The actress opened up about her career-defining year for ELLE magazine's latest cover story. And though she had many successes to speak on—including her Emmy Award-winning portrayal of Rue Bennett on HBO's Euphoria and her highly anticipated upcoming film, Malcolm & Marie she also got candid about how the United States' divisive cultural and political climate affects her.
"It feels like a very hopeless time, specifically in this country. I know a lot of my peers feel enraged and exhausted and tired of living and growing up in a system that feels like it wasn't built for us," said Zendaya in conversation with her Dune costar, Timothée Chalamet. "At this moment in time, it is hard to find joy and beauty in things, and I really think that is important. Right now, we as Black people need to embrace joy and not let it be taken away from us."
The actress continued, explaining that throwing herself into creative projects and her work has helped her retain her personal joy throughout the year.
"I experience moments of joy when I'm able to create art and be involved in projects that I connect to deeply, whether it be Euphoria or Malcolm & Marie, the movie I shot during quarantine with [Euphoria creator] Sam Levinson. Another thing that gives me joy is seeing people's responses to my work. With Euphoria, it's been incredibly moving to see how people connected to what Sam has written. I've heard so many beautiful stories about addiction and recovery, and that brings me hope," said the actress.
Zendaya added that outside of personal fulfillment, witnessing her friends and peers speak out about America's tangled history with systemic racism and injustice has also renewed her hope that brighter days are ahead.

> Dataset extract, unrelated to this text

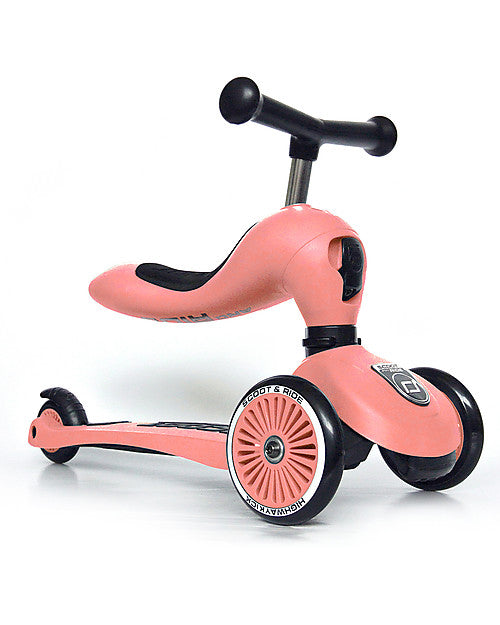 Scoot and ride - Highwaykick 1 Pesca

"I find hope in my peers, the people who are out there on the streets doing the work—people I admire and I go to for advice and information on what's happening, so that I can make sure I'm using my platform in the most strategic way I can to help," said Zendaya. "There is so much hope in young people, and when I say young people, I do mean myself—people my own age—but I also mean younger. These really young kids are so smart and have such a clear understanding and plan for how they want this world to change."